The women’s apparel and accessories retailer had a net loss of $16.2 million, or 47 cents a share, in the quarter ended Nov.3, compared to earnings of $0.2 million, or 1 cent a share, in the year-ago period. Adjusted loss came to 17 cents, in line with Street estimates.
Sales fell 10% to $95.4 million, slightly ahead of estimates of $95.1 million. Same-store sales fell 14%.
“Our biggest challenge and focus is to drive improved traffic trends in brick-and-mortar,” said CEO Steve Lawrence. “We are stepping up our marketing efforts with increased investments in influencers, and digital and social media. Our primary focus of this is to increase frequency of visits with existing guests through increased engagement, while winning back lapsed shoppers who have not purchased with us in the last six to 12 months.”
Lawrence added that Francesca’s has brought on a consulting firm to help it drive traffic through a variety of merchandising initiatives, including attention-grabbing window displays and lease line presentations.
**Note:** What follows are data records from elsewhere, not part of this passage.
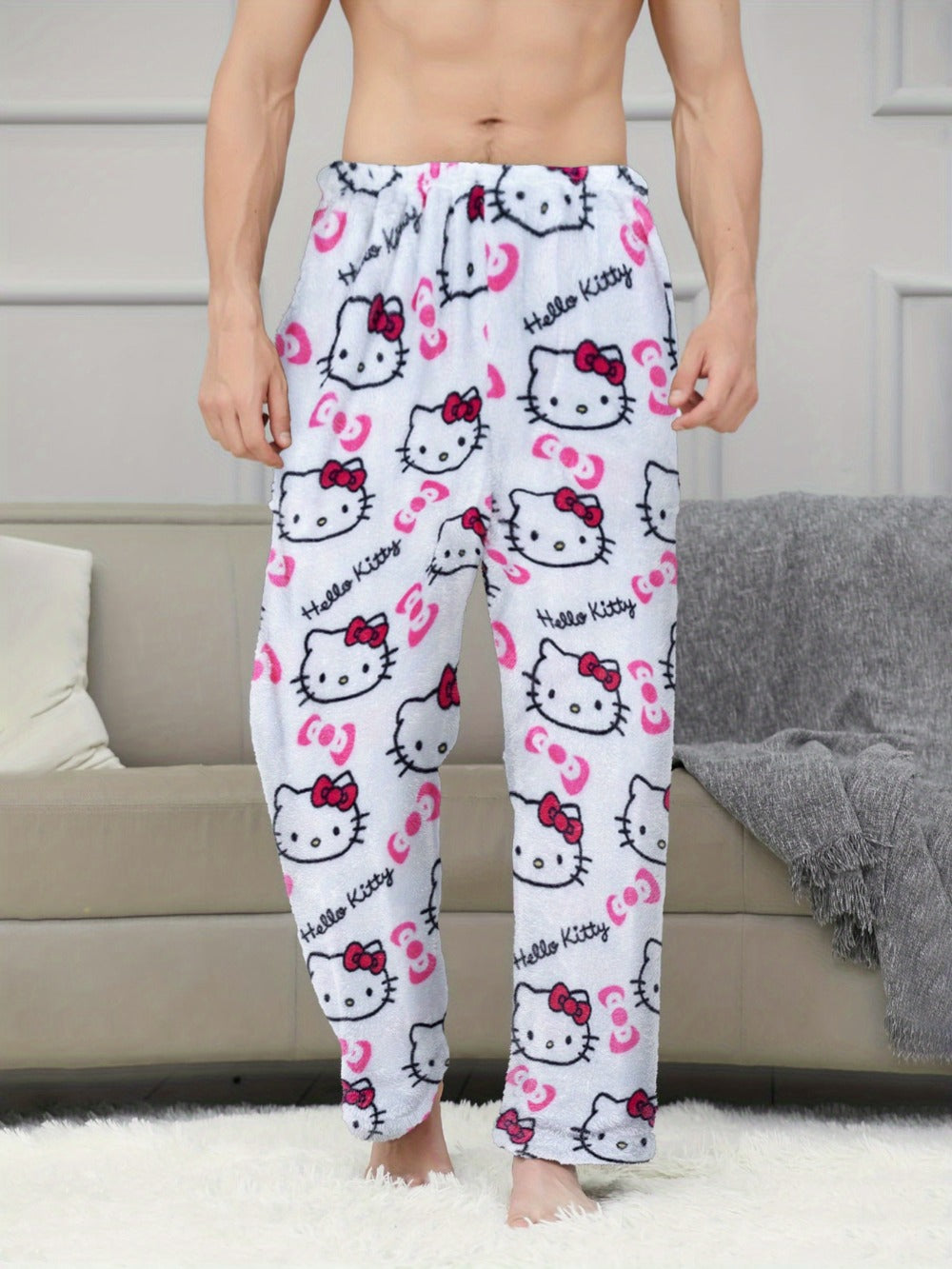Men's Pajama Pants - Everyday Comfort 784869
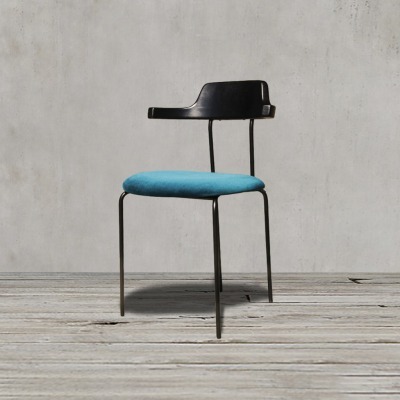 Стул AA02/MB/F614-11, метал...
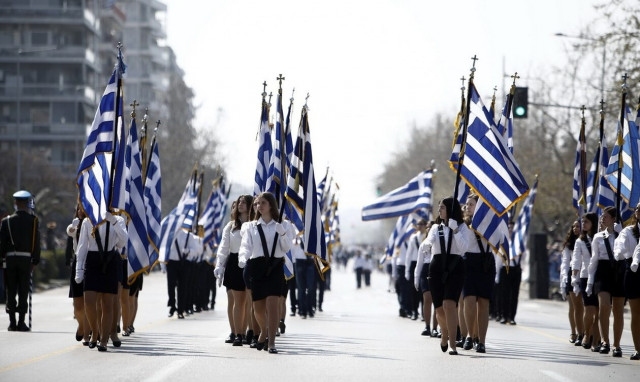 Αγίου Δημητρίου - 28η Οκτωβρίου: Κυκλοφοριακές ρυθμίσεις από σήμερα στη Θεσσαλονίκη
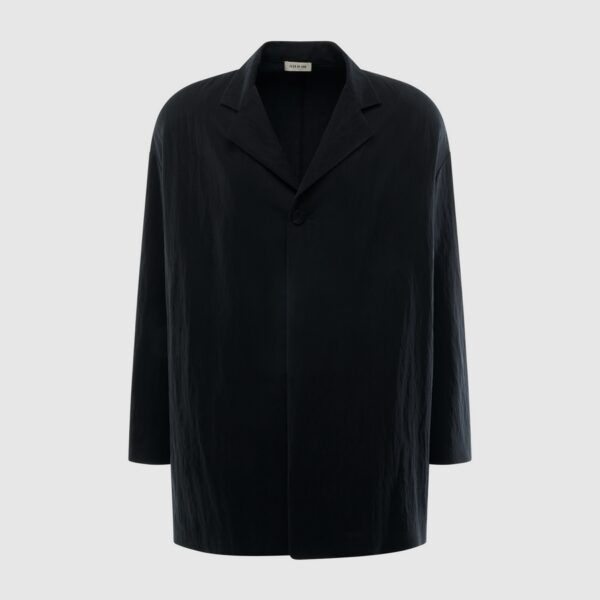 UNLINED RELAXED BLAZER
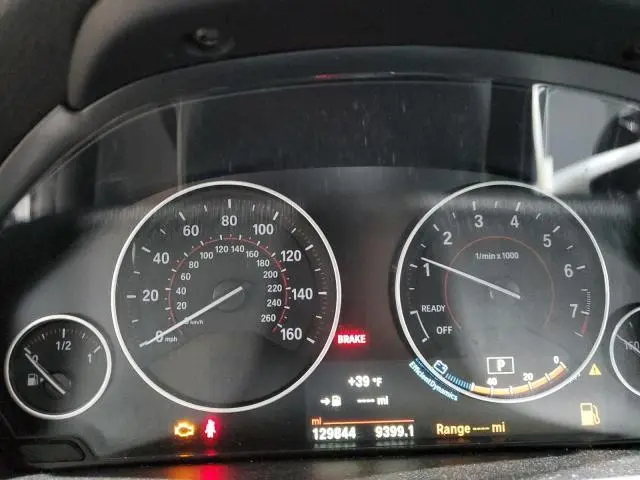 2016 BMW 328 XI SULEV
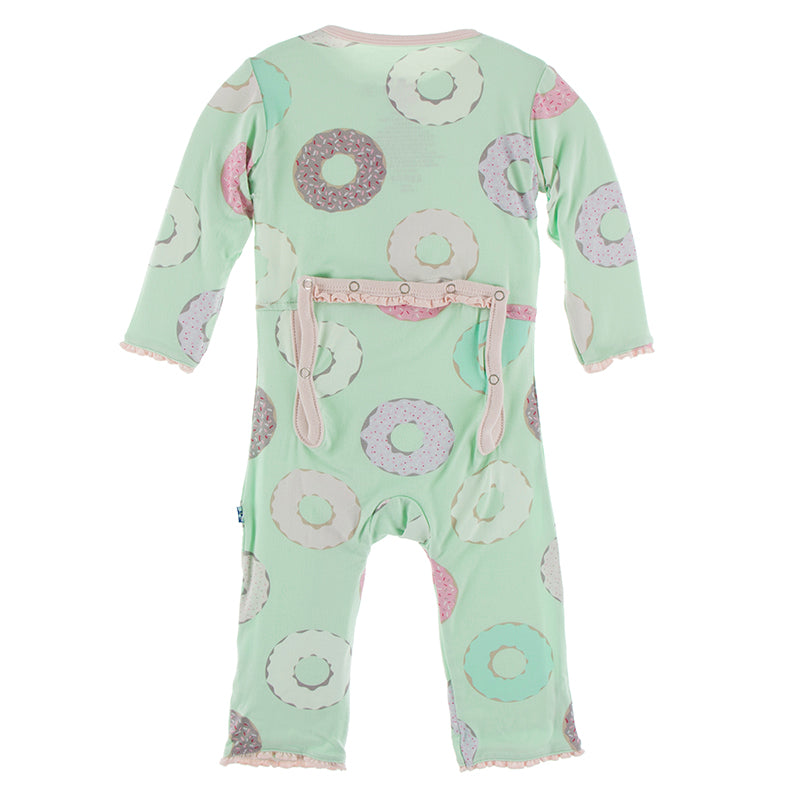 Kickee pants on sale tractor pajamas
In addition, the retailer is evaluating its real estate portfolio with the goal of closing underperforming locations. (At the end of the quarter, Francesca’s operated approximately 738 stores nationwide.)
“We believe the right long-term strategy for success is to have a strong e-commerce business which complements a vibrant brick-and-mortar footprint, and to accomplish this, we need to optimize our real estate portfolio,” Lawrence said. “We believe the actions we are taking will help stabilize our business and we will be able to move back to top line and bottom line growth while solidifying our unique position as the only national chain of boutiques.”